Sun MPI 4.0 User's Guide: With CRE

Fundamental CRE Concepts

This section introduces some important concepts that you should understand in order to use the Sun HPC ClusterTools software in the CRE effectively.

Cluster of Nodes

As its name implies, the CRE is intended to operate in a Sun HPC cluster--that is, in a collection of Sun SMP (symmetric multiprocessor) servers that are interconnected by any Sun-supported, TCP/IP-capable interconnect. An SMP attached to the cluster network is referred to as a node.

The CRE manages the launching and execution of both serial and parallel jobs on the cluster nodes. For serial jobs, its chief contribution is to perform load balancing in shared partitions, where multiple processes can be competing for the same node resources. For parallel jobs, the CRE provides:

A single job monitoring and control point.

Load balancing for shared partitions.

Information about node connectivity.

Support for spawning of MPI processes.

Support for Prism interaction with parallel jobs.

Note -
A cluster can consist of a single Sun SMP server. However, executing MPI jobs on even a single-node cluster requires the CRE to be running on that cluster.

The CRE supports parallel jobs running on clusters of up to 64 nodes containing up to 256 CPUs.

Partitions

The system administrator can configure the nodes in a Sun HPC cluster into one or more logical sets, called partitions.

Note -

The CPUs in a Sun HPC 10000 server can be configured into logical nodes. These domains can be logically grouped to form partitions, which the CRE uses in the same way it deals with partitions containing other types of Sun HPC nodes.

Any job launched on a partition will run on one or more nodes in that partition, but not on nodes in any other partition. Partitioning a cluster allows multiple jobs to be executed on the partitions concurrently, without any risk of jobs on different partitions interfering with each other. This ability to isolate jobs can be beneficial in various ways: For example:

If one job requires exclusive use of a set of nodes, but other jobs also need to execute at the same time, the availability of two partitions in a cluster would allow both needs to be satisfied.

If a cluster contains a mix of nodes whose characteristics differ--such as having different memory sizes, CPU counts, or levels of I/O support--the nodes can be grouped into partitions that have similar resources. This would allow jobs that require particular resources to be run on suitable partitions, while jobs that are less resource-dependent could be relegated to less specialized partitions.
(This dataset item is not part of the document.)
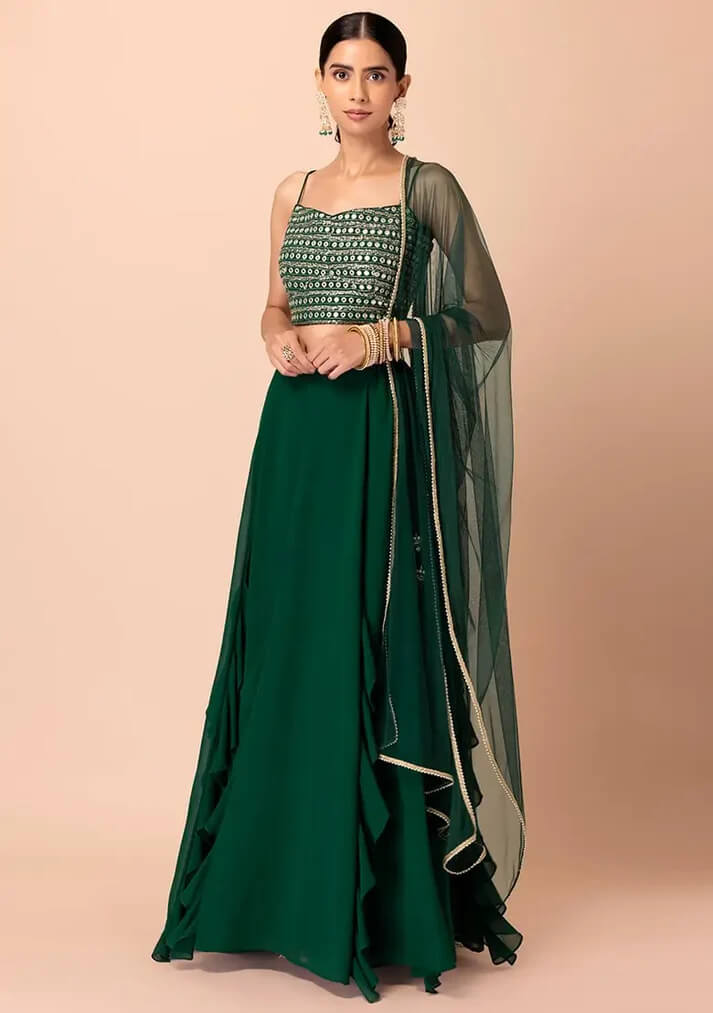 Green Georgette Fancy Lehenga with Sequins Work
If you want your job to execute on a specific partition, the CRE provides you with the following methods for selecting the partition:

Set the environment variable SUNHPC_PART to the name of the partition.
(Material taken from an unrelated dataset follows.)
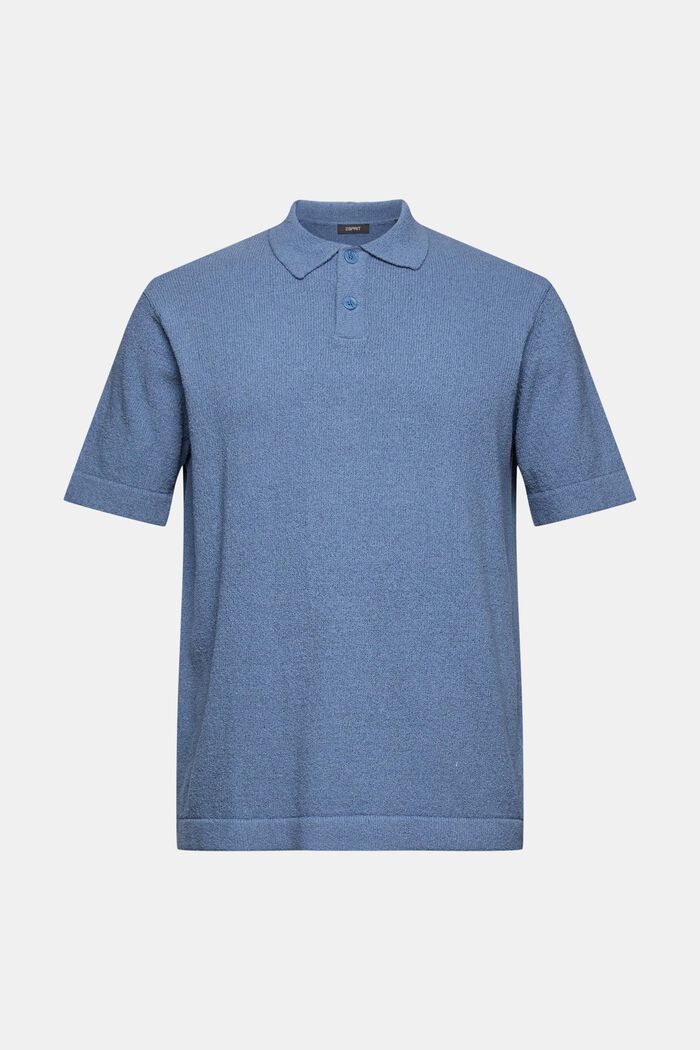 Poloshirt met bouclé-look, GREY BLUE, overview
Use the -p option to the job-launching command, mprun, to specify the partition.

Note -
These methods are listed in order of increasing priority. That is, setting the SUNHPC_PART environment variable overrides whichever partition you may be logged into. Likewise, specifying the mprun -p option overrides either of the other methods for selecting a partition.

It is possible for cluster nodes to not belong to any cluster. If you log in to one of these independent nodes and do not request a particular partition, the CRE will launch your job on the cluster's default partition. This is a partition whose name is specified by the SUNHPC_PART environment variable or is defined by an internal attribute that the system administrator is able to set.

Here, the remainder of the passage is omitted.